Konzertberichte Marius, 23.10.2005
Oasis – 20.10.2005, Hamburg Alsterdorfer Sporthalle
Gute zweieinhalb Jahre nach dem doch etwas glanzlosen Konzert in der aufgrund der Größe etwas fehlgebuchten Hamburger Color-Line-Arena machten Oasis nun auf ihrer diesjährigen Tour mal wieder Halt in Hamburg. Hamburg war neben Düsseldorf und Frankfurt eine der bloß drei Städte, die auf dieser Europatour in Deutschland auf dem Plan standen. Die Wahl der Alsterdorfer Sporthalle als Lokalität erwies sich als durchaus richtige Größenordnung. Mit den rund 3500 Zuschauern sah die Halle optimal gefüllt aus.
Nach der nachmittäglichen Anreise, Einchecken im Hotel und kurzem Besuch der Innenstadt brachte die U1 mich sicher zur Alsterdorfer Sporthalle. Der Fußweg von der nahegelegenen Haltestelle gestaltete sich nicht sonderlich schwierig, schließlich war ich ja nicht der einzige Zuschauer.
Als Vorband trat gegen 20 Uhr ein weiterer britischer Hype auf die Bühne: Art Brut. Die Band war bemüht und begeisterte in den ersten Reihen manch einen, begeisterte dabei aber bei weitem nicht jeden. Musikalisch war durchaus zu merken, dass diese Band ihr Handwerk beherrscht, aber der Hype um diese Band schien nicht nachvollziehbar. Insgesamt eine übliche Vorband: Nett, nicht weiter von Belang, die Vorfreude auf den Hauptact erhöhend.

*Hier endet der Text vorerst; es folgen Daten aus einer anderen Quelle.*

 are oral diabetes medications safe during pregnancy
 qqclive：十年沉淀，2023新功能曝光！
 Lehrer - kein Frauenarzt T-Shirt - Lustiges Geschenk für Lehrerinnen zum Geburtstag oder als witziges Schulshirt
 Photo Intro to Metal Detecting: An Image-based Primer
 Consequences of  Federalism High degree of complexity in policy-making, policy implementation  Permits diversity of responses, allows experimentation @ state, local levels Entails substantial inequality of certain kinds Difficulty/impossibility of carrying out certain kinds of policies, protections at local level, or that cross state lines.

Ein Blick auf die Bühne zeigte nach dem Support, dass Oasis sich aufs Wesentliche reduzieren: Die Musik. Außer einigen sehr gesamtbildwirksamen Lichterketten fand sich nichts auf der Bühne. Keine Videoprojektionen oder ähnliches. Gegen 21:15 Uhr reichte dann das bloße Ausschalten des Lichts in der Halle für einen euphorischen Applaus, der beinah so ausfiel, als hätten Oasis vor kurzem einen zweiten Wonderwall veröffentlicht. Zu den noch vom Band kommenden Tönen von Fuckin’ in the bushes marschierte die Band auf die Bühne – was auch das einzige Stück der Standing on the shoulder of giants bleiben sollte. Mit Turn up the Sun wurde ein guter Opener gewählt und das folgende Lyla brachte die Halle bereits in eine sehr gute Stimmung. Was nun folgte, war eine gute Mischung aus Hits und Stücken vom aktuellen Werk Don’t believe the truth: Mit Bring it on down zeigten Oasis ihre Qualitäten als Rockband und mit dem darauffolgenden Klassiker Morning Glory gab es dann auch kein Halten mehr in Hamburg Alsterdorf. Das Konzert entwickelte sich zum Selbstläufer. Die Songauswahl beschränkte sich neben der aktuellen Scheibe vordergründig auf die die Definitely Maybe und das Morning Glory-Album. Die letzten beiden Alben wurden dabei gänzlich ausgespart und auch die Be here now fehlte – nicht einmal Stand by me fand sich im Set. Dafür viele Klassiker der anderen Werke: Live Forever, Don’t look back in Anger, Cigarettes & Alcohol und auch das längst über den B-Seiten-Status hinaus avancierte Acquiesce heizten dem Publikum gut ein, um nur einige zu nennen. Nach einer guten Stunde beendete die Band mit Rock’n’Roll Star das Set. Vorerst. Die Zugabe ließ natürlich nicht lange auf sich warten. Diese wurde mit Guess god thinks I’m Abel eröffnet, rockte danach mit The Meaning of Soul solide weiter und beinhaltete mit Champagne Supernova einen weiteren Klassiker. Anschließend gab es als Rausschmeißer noch das umjubelte The Who-Cover My Generation. Unter großem Applaus verließ die Band nach etwa 90 Minuten die Bühne. Das Hallenlicht ging an, die Zuschauer waren glücklich.
Spätestens nach diesem Auftritt sollte klar sein: Oasis sind wieder da. Trotz oder gerade wegen der nicht wirklich vorhandenen Bewegung auf der Bühne ein Highlight. Liam Gallaghers sagenhafte Coolness, die partout nicht peinlich wirken will und das großartige Spiel der Band bewirken vor allem eines: Präsenz. Wenn diese auch in den Charts leider nicht mehr ganz so stark vorhanden ist, auf der Bühne sind und bleiben Oasis ein Mythos. Ein Konzert, das im Gedächtnis bleibt und zeigt, wer nach wie vor der Maßstab in Sachen BritPop ist.